文章目录
problem Ⅰ
199. Binary Tree Right Side View
Given the root of a binary tree, imagine yourself standing on the right side of it, return the values of the nodes you can see ordered from top to bottom.
Example 1:
Input: root = [1,2,3,null,5,null,4]
Output: [1,3,4]
Example 2:
Input: root = [1,null,3]
Output: [1,3]
Example 3:
Input: root = []
Output: []
solution 1 BFS
/**
* Definition for a binary tree node.
* struct TreeNode {
* int val;
* TreeNode *left;
* TreeNode *right;
* TreeNode() : val(0), left(nullptr), right(nullptr) {}
* TreeNode(int x) : val(x), left(nullptr), right(nullptr) {}
* TreeNode(int x, TreeNode *left, TreeNode *right) : val(x), left(left), right(right) {}
* };
*/
class Solution {
public:
vector<int> rightSideView(TreeNode* root) {
vector<int> res;
if(!root)return res;
queue<TreeNode*> que;
que.push(root);
while(!que.empty()){
int n = que.size();
for(; n>0; n--){
TreeNode* node = que.front();
que.pop();
if(n==1)res.push_back(node->val);
if(node->left)que.push(node->left);
if(node->right)que.push(node->right);
}
}
return res;
}
};
solution 2 DFS
/**
* Definition for a binary tree node.
* struct TreeNode {
* int val;
* TreeNode *left;
* TreeNode *right;
* TreeNode() : val(0), left(nullptr), right(nullptr) {}
* TreeNode(int x) : val(x), left(nullptr), right(nullptr) {}
* TreeNode(int x, TreeNode *left, TreeNode *right) : val(x), left(left), right(right) {}
* };
*/
class Solution {
public:
vector<int> res;
void dfs_(TreeNode* root, int depth){
if(!root)return;
if(depth == res.size())
res.push_back(root->val);
dfs_(root->right, depth+1);
dfs_(root->left, depth+1);
}
vector<int> rightSideView(TreeNode* root) {
dfs_(root, 0);
return res;
}
};
NOTE:
we can observe that the solution using DFS with some trick is extrmely faster than BFS
problem 2
113. Path Sum II
Given the root of a binary tree and an integer targetSum, return all root-to-leaf paths where the sum of the node values in the path equals targetSum. Each path should be returned as a list of the node values, not node references.

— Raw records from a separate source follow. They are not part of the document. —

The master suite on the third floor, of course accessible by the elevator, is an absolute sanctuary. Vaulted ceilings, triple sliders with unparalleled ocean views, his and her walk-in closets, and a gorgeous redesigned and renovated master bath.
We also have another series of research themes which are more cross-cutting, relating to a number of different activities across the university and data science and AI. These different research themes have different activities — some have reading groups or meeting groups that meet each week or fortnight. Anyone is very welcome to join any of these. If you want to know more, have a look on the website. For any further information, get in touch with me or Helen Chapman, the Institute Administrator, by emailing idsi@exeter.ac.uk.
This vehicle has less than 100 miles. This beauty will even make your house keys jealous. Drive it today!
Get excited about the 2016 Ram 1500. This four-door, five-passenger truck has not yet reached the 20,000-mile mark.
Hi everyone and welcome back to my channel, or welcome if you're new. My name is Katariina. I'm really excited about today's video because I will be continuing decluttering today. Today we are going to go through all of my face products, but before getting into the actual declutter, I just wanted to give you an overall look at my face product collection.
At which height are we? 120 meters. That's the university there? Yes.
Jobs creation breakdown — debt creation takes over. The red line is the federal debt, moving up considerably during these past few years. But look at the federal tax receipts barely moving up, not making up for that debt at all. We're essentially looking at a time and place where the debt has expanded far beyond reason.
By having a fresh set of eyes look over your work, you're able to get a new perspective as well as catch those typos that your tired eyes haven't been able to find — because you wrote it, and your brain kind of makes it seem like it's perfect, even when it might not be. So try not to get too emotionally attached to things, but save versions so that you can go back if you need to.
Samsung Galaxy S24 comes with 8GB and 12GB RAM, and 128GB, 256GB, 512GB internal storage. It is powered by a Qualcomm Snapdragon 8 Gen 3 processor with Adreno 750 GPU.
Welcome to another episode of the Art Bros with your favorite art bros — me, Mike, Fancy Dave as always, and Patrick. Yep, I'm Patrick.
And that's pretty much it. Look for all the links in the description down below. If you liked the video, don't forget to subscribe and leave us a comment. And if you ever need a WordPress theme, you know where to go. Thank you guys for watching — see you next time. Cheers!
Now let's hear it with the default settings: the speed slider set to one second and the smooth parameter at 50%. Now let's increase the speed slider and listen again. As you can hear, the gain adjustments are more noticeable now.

A root-to-leaf path is a path starting from the root and ending at any leaf node. A leaf is a node with no children.
Example 1:
Input: root = [5,4,8,11,null,13,4,7,2,null,null,5,1], targetSum = 22
Output: [[5,4,11,2],[5,8,4,5]]
Explanation: There are two paths whose sum equals targetSum:
5 + 4 + 11 + 2 = 22
5 + 8 + 4 + 5 = 22
Example 2:
Input: root = [1,2,3], targetSum = 5
Output: []
Example 3:
Input: root = [1,2], targetSum = 0
Output: []
solution DFS
/**
* Definition for a binary tree node.
* struct TreeNode {
* int val;
* TreeNode *left;
* TreeNode *right;
* TreeNode() : val(0), left(nullptr), right(nullptr) {}
* TreeNode(int x) : val(x), left(nullptr), right(nullptr) {}
* TreeNode(int x, TreeNode *left, TreeNode *right) : val(x), left(left), right(right) {}
* };
*/
class Solution {
public:
vector<vector<int>> res;
vector<int> tmp;
int target;
void dfs_(TreeNode* root, int cumsum){
cumsum+=root->val;
tmp.push_back(root->val);
if(cumsum == target && !root->left && !root->right)
res.push_back(tmp);
if(root->left)
dfs_(root->left, cumsum);
if(root->right)
dfs_(root->right, cumsum);
cumsum -= root->val;
tmp.pop_back();
return;
}
vector<vector<int>> pathSum(TreeNode* root, int targetSum) {
target = targetSum;
if(!root)return res;
dfs_(root, 0);
return res;
}
};
problem 3
450. Delete Node in a BST
root node reference (possibly updated) of the BST.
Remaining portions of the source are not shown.